Another time, he found a hive infested with little white worms. He also looks at the density of the bees.
“When seven or more frames are drawn out,” he said, “I put another one on top so they don’t get too crowded.”
The bottom two boxes are for the bees, he said, and the top ones are for his family. He takes the full frames home where they extract the honey from them, then they are returned to the hive. The Shouses extract honey through Labor Day, after which they let the bees keep the honey for themselves to get them through the winter.
It’s been a rewarding experience, Rick and Heather said, and even one that has been fun.

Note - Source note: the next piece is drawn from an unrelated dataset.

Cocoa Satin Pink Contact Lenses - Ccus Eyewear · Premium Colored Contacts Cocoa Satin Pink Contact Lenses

“It’s relaxing,” Rick said.
“I like it relaxing in the truck watching,” Heather said with a laugh.
They harvested almost 300 pounds of honey last year, which is around 21 gallons.

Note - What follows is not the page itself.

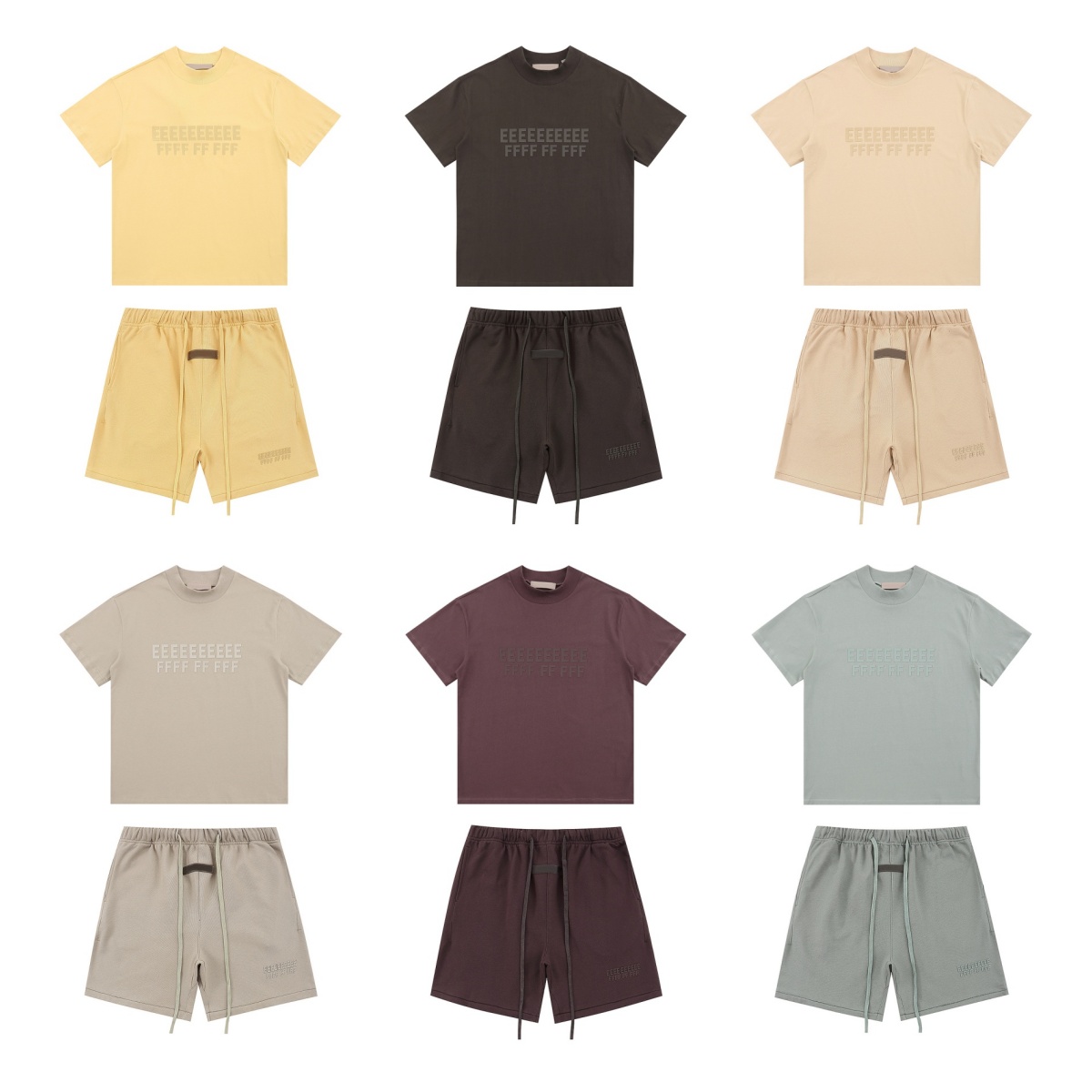 Quality Summer Clothing - Classic Brand Double Line Letter Print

“That’s phenomenal for a first year,” Rick said. “Last year, it was really hot, and they just loved it.”
Their first year as beekeepers, the Shouses saved what they thought they would be able to use then sold the rest.
“We thought even if we only break even,” Rick said, “what we consume would make up for it.”
It took them by surprise how much their friends loved the honey. It was better than store-bought, they were told.
“One person told us, ‘I’ll never go back to the bear,’” Rick said.
This year, the family expanded their hives to 11, and the bees seem to be doing very well. Gabriel is hoping to prove himself enough this year to merit his own hive next season. Meanwhile, it’s grilled cheese sandwiches topped with fresh, natural honey for family lunches this summer.